Essay: A Place for Everything
I won first place in the Waterman Fund's annual Essay Contest!
Editor’s note: The winner of the fifth annual Waterman Fund essay contest, which Appalachia sponsors jointly with the Waterman Fund, ventures into new territory. In the previous four years of the contest, writers have reflected on the ways civilization encroaches on the wilderness. This year’s winner turns it around, describing the clash of wild animals with a busy car campground. More black bears show themselves near Delaware Water Gap, on the New Jersey–Pennsylvania border, than most people will ever see in darkest Maine. Katherine Dykstra’s honest story of what happened when she met her first bear on her first camping trip left us squirming and thinking harder about what happens when wild animals wander into settled areas. The Waterman Fund is a nonprofit organization named in honor of Laura and the late Guy Waterman. It is our mission to encourage new writers. See the end pages of this journal for information about next year’s contest.
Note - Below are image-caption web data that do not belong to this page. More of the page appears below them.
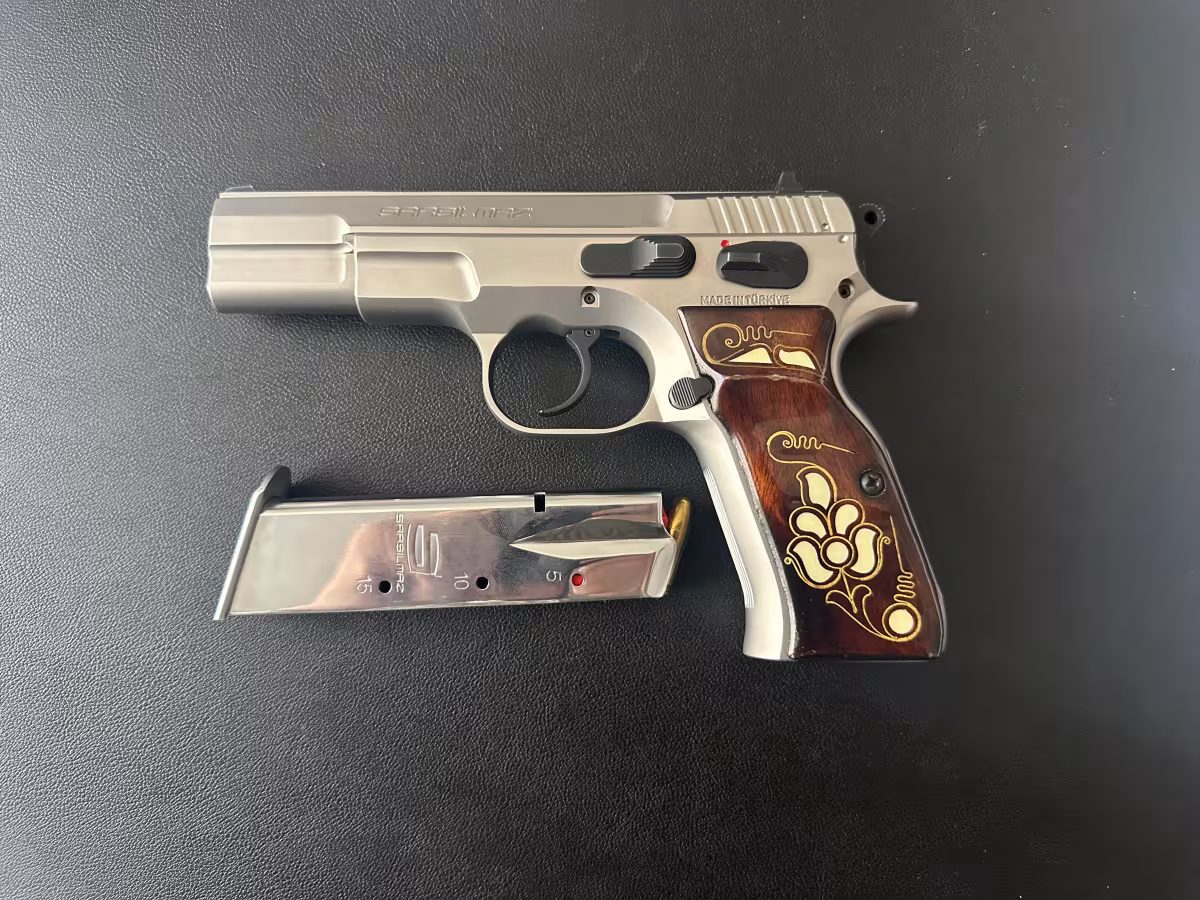 EMEKLİ EMNİYET GÖREVLİSİNDEN RUHSATLI SIFIR AYARINDA AZ ATIŞ YAPILAN ÖMÜR BOYU GARANTİLİ STANLESS STEEL SARSILMAZ KILINÇ 2000 LIGHT - 25.000 TL.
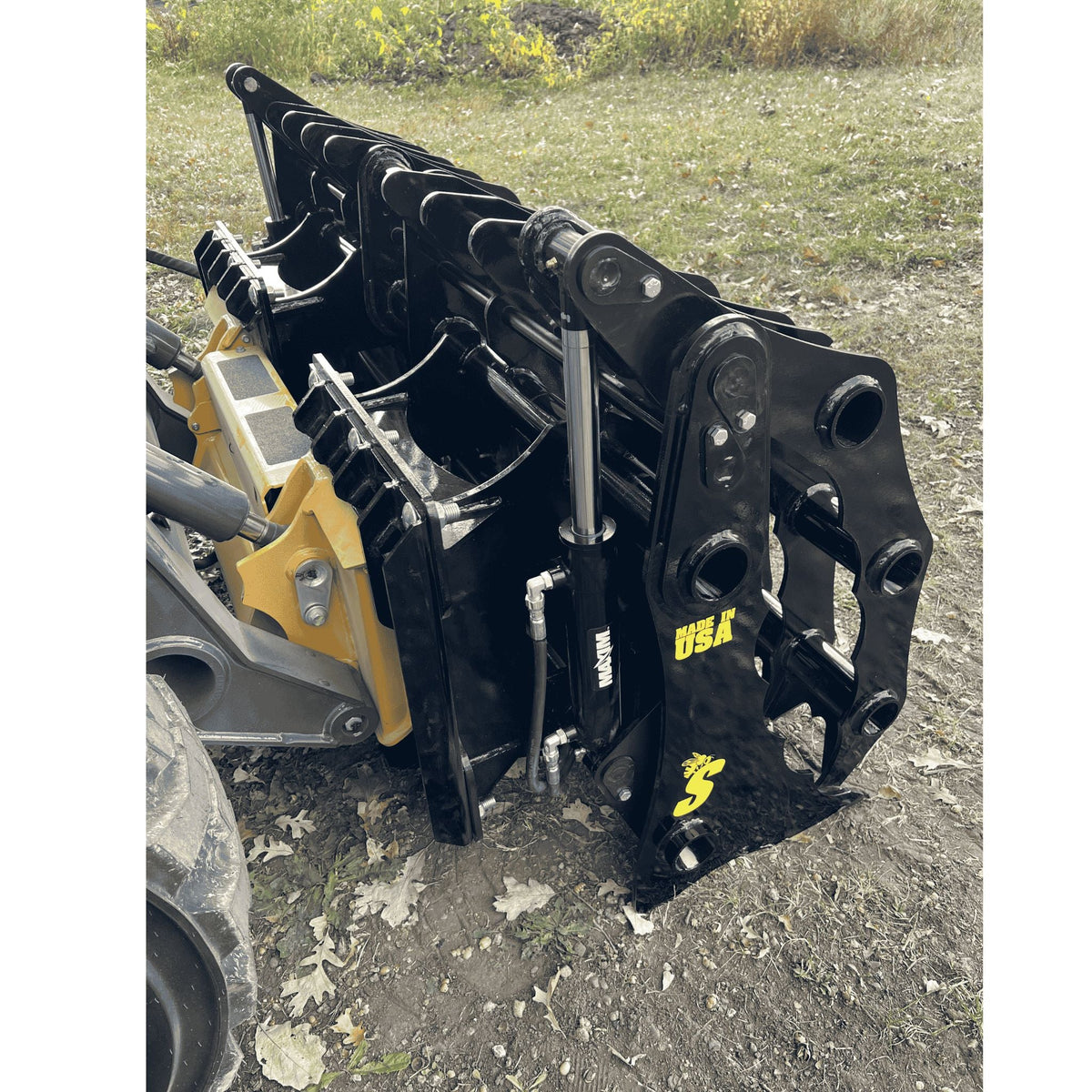 Stinger Clam Grapple | AR200 Steel | Interchangeable Mounts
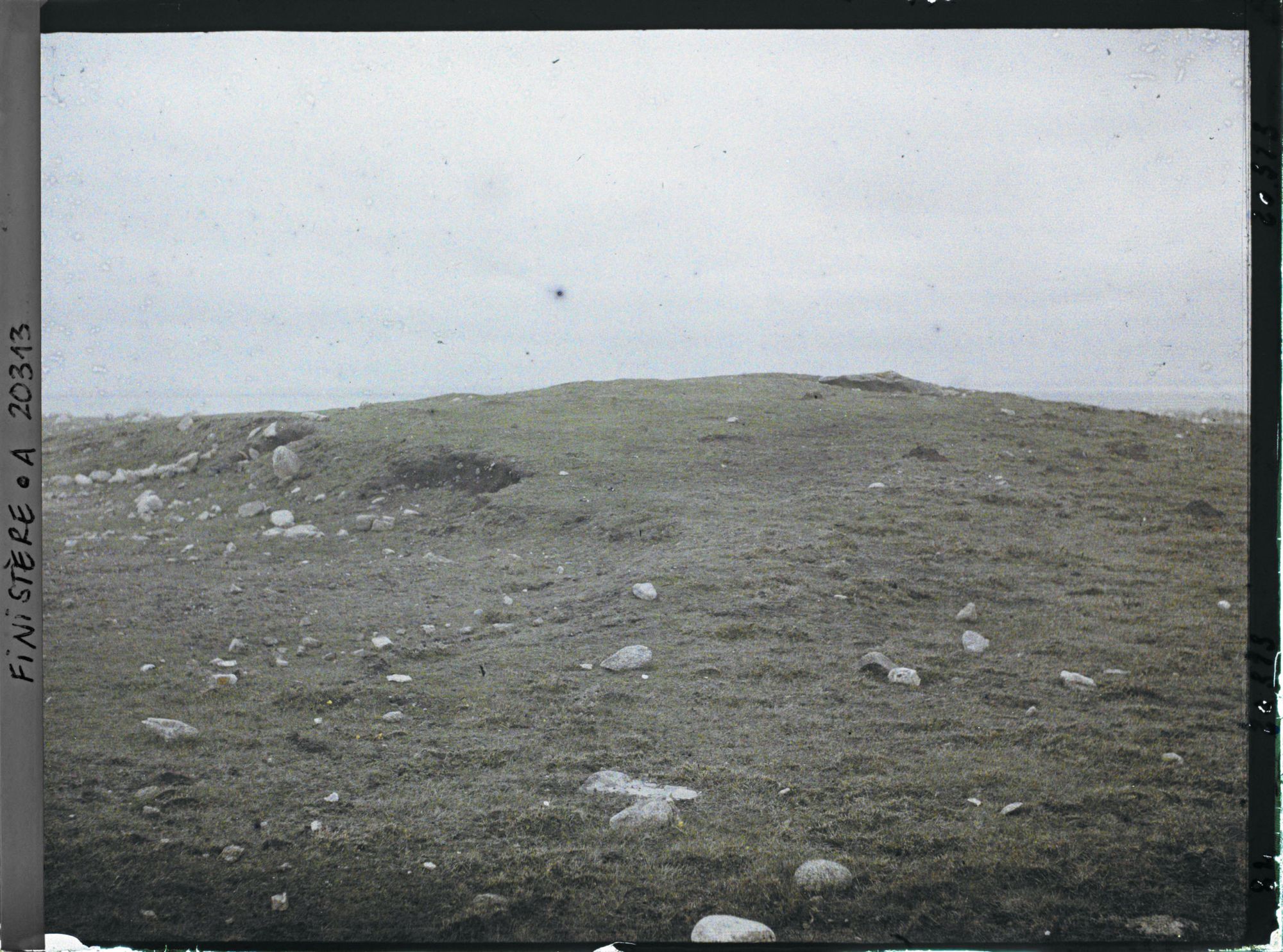 Image représentant Tumulus sur galerie dolménique du Poulguen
We'd thrown the trip together in a flurry of phone calls and email exchanges all in 48 hours. Parker researched state parks, campgrounds, driving times. Ann went to a dollar store and bought four nylon camping chairs. I went to Target and came away with two tents. There was a moment when we nearly called the whole thing off, Seth having phoned every rental car company in the five boroughs and coming up dry; it was Fourth of July weekend after all. But dogged in his pursuit, he eventually found a car that had been returned early. It was the last, we believed, in the city.
As we inched our way west on Canal Street, Seth caught my eye in the rearview mirror: “So I hear you’re worried about bears,” he said, amused.